Gold and interest rates traditionally have a negative correlation
When interest rates rise, the price of gold tends to fall because investors turn to stocks and fixed-income assets that will earn them capital. When rates fall, the price of gold increases as economic uncertainty causes investors to turn to gold as a safe haven to protect their wealth.
There are different ways to trade and invest in gold. Trading and investing in gold are two different ways to take a position on the future price movement of gold markets.
When you invest in gold, you will have ownership of the asset and you will make a profit if the precious metal rises in price. When you trade gold, you’re taking a position on the underlying price rising or falling. You will not have ownership of the physical gold itself.
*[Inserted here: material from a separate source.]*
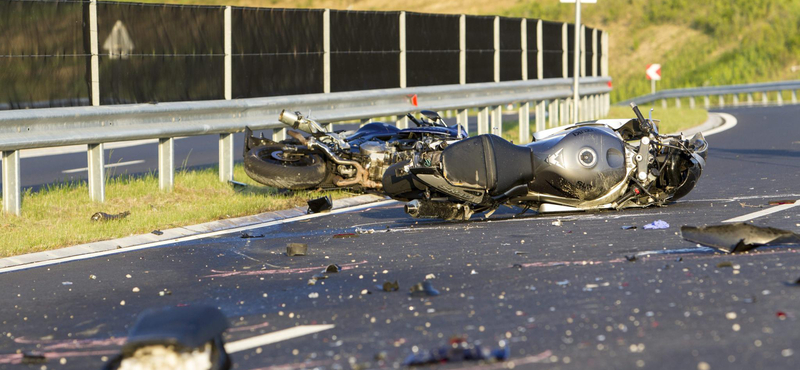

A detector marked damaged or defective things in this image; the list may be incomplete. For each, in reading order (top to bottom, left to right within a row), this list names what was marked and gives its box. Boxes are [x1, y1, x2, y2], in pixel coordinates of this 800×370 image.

broken plastic fragment [306, 197, 332, 214]
broken plastic fragment [680, 224, 800, 253]
broken plastic fragment [404, 338, 510, 368]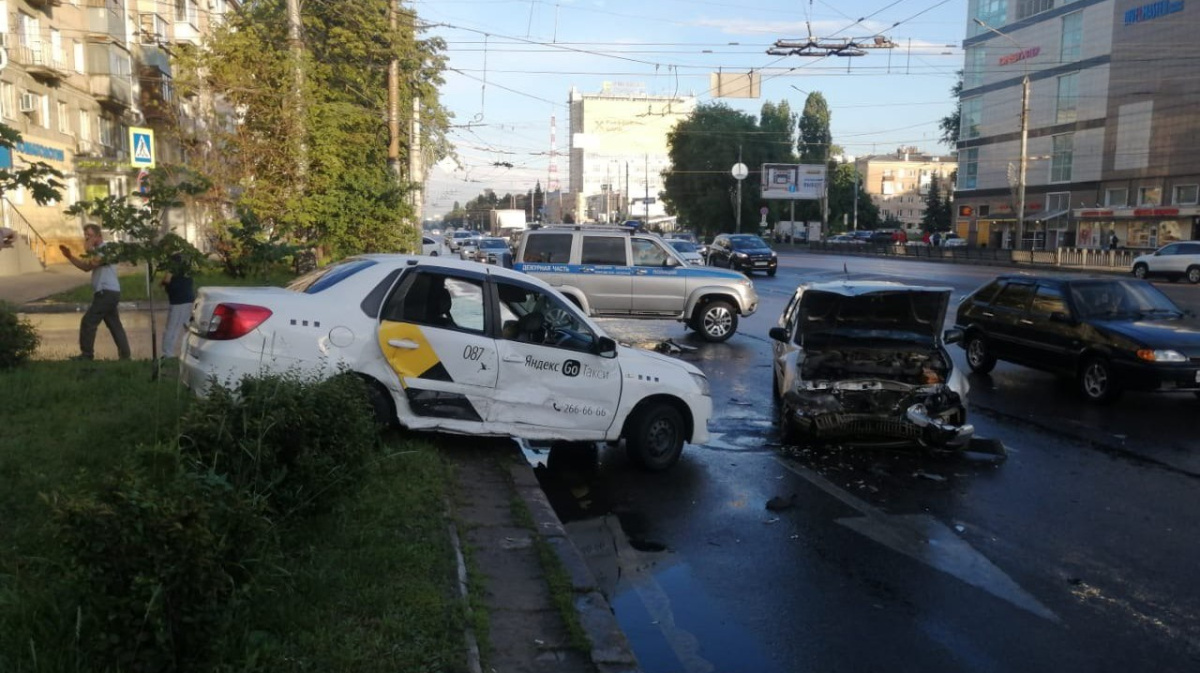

There are many types of gold assets available to trade or invest in and these include the following:
- Gold bullion. Physical gold (coins and bars) is commonly used as a store of value for both individual investors and banks. But physical gold cannot be stored as easily as other financial assets and the expensive safekeeping and insurance requirements often deters investors from buying the actual metal.
- Gold CFDs. Gold CFDs (contracts for difference) allow you to open a position without having to purchase the underlying asset. For example, if you open a Buy position you are speculating that the price of gold will rise. If the price rises, you will make a profit on the difference between the opening price and the higher closing price. If the closing price is lower, you will make a loss that is equal to the difference between the opening and closing prices. However, if you think that the price of gold will fall, you can open a Sell position to profit from the opening price and lower closing price. But if the price rises and you close your position at the higher rate, you will make a loss equal to the difference between the opening price and the higher closing price.
- Gold ETFs. Gold ETFs (exchange-traded funds) are commodity funds that have become a very popular form of investment. They provide investors with a low-cost alternative that invests in gold-backed assets rather than the physical commodity.
Investors do not actually own the physical commodity, but they have ownership of small amounts of gold-related assets, providing more diversity in their portfolio. They allow investors to gain exposure to gold via smaller investment positions than what’s achievable through physical investment and futures contracts.
Gold can be a good investment, but it depends on the suitability of gold to your portfolio.
There are both advantages and disadvantages to every investment, and as with all financial assets, trading and investing in gold comes with risks of losing capital.